### Exercise aim
Look in the listing below for the line that has "Símbolo espartano de", then return it and each following line up to and including the one with "Dámská prošívaná vesta", exactly and without pictures.

### Raw data
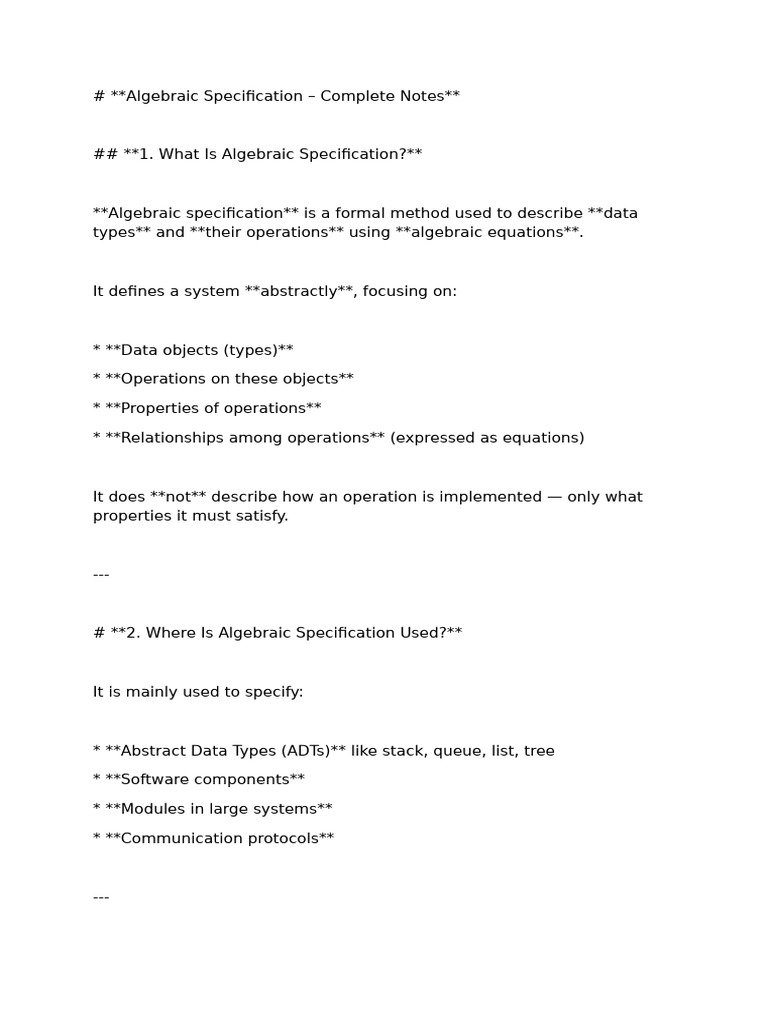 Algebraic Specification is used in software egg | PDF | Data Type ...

---

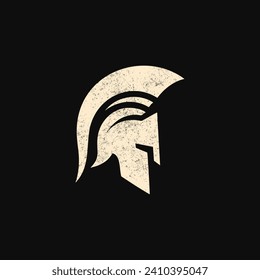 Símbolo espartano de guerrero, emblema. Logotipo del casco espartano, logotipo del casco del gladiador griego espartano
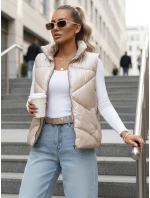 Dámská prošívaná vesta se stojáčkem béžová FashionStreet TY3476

--

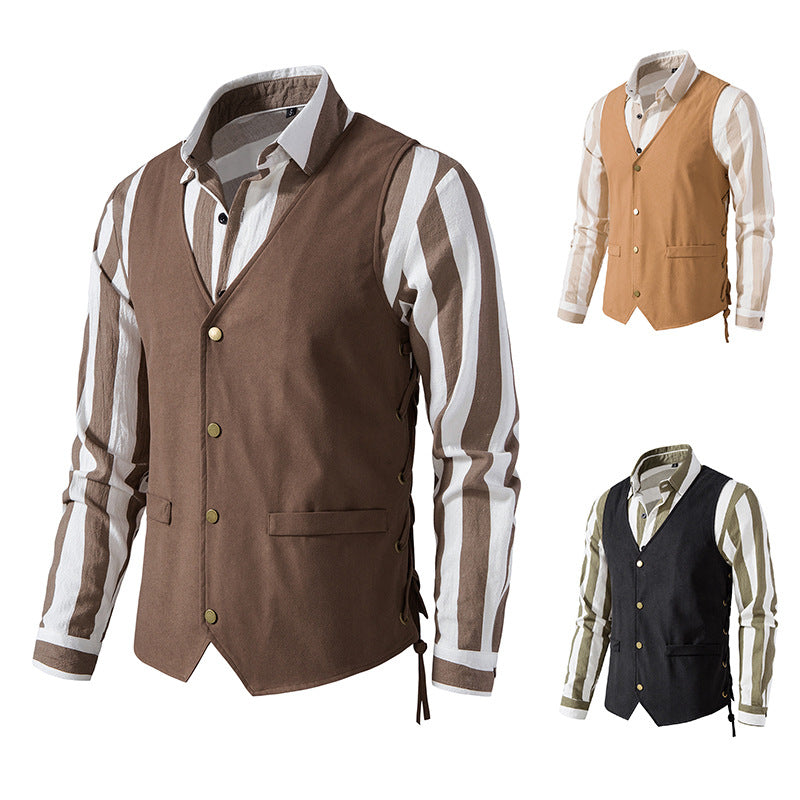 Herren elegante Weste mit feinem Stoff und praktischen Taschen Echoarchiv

### Response area
 Símbolo espartano de guerrero, emblema. Logotipo del casco espartano, logotipo del casco del gladiador griego espartano
 Dámská prošívaná vesta se stojáčkem béžová FashionStreet TY3476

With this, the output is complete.